To figure out if you’re making or losing money or breaking even when you refinance, you need to have the answer to 3 questions:
1. How much will your refinance cost you?
2. How much will you save each month by refinancing?
3. How long are you likely to stay in your home without refinancing?
The cost of getting a mortgage varies from mortgage broker/bank to mortgage broker/bank, sometimes by thousands of dollars. In other words, it’s possible that your refinance makes sense with one mortgage broker or bank but not with another.
When I say ‘closing costs,’ I mean all the costs, not the advertised ones. A lot of times, you see low closing costs because not all the fees are included (not nice but some use this to reel prospects in). When you make your calculations, make sure that you’re including all the expenses related to your closing.
You need how much will your new monthly payments are going to be (without rolling the closing costs into them), so you can compare to your existing payment. Obviously, the lower the new interest rate, the lower the new monthly payments. However, lower monthly payments don’t necessarily mean your refinance makes sense.
An example. Say your new mortgage will cost you $2,400, and after you refinance, your monthly payments are $100 lower. That means that under this scenario, you break even after 24 months.
If your mortgage cost you were $4,700, and your monthly payments were $100, it would take 47 months before you broke even.
What if the mortgage broker with $4,400 closing costs gets you a better interest rate, one where you save $130 a month? Well, 4,400 divided by 130 gives 36.15. You’d break even after 36.15 months.
By the time 36 months have passed, you’d have saved $1,000 beyond the cost of the refinance if you’d have gone with the $2,400 refinance even though it comes with a higher interest rate.
However, 10 years later, that is to say, 120 monthly payments later, the refinance with the $2,400 closing costs saves you $9,600 ($100/month X 120 = $12,000 – $2,400 (closing costs). The $4,700 refinance saves you $10,900 ($130/month X 120 = $15,600 – $4,700 (closing costs).

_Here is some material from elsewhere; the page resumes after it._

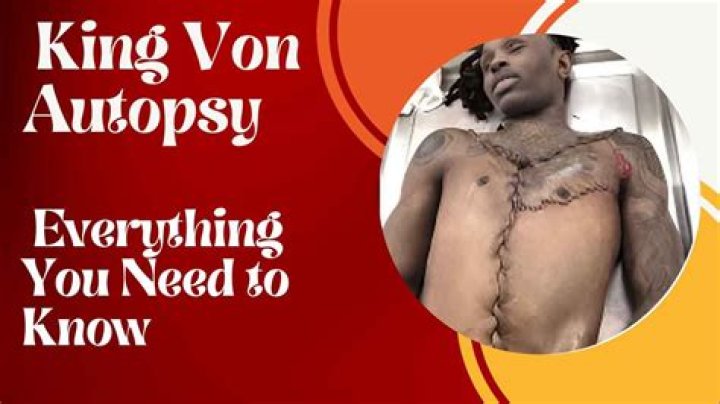 King Von Autopsy: Exclusive Details & Findings
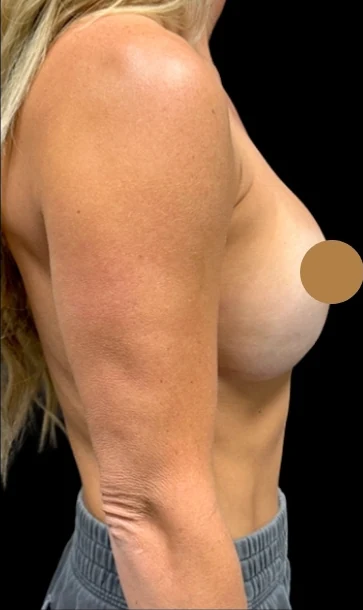 Before: Breast Augmentation — oblique · by Angelo Cuzalina, MD, DDS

Which means you really need to make the refinancing decision based on how long you plan to hold on to the refinanced mortgage loan. Obviously, the best scenario is to get the lowest rate coupled with the lowest costs. If that cannot be, then you have to determine if you need to get your savings fast or not. If you do not, it can make sense to pay higher closing costs if it gets you a lower mortgage interest rate.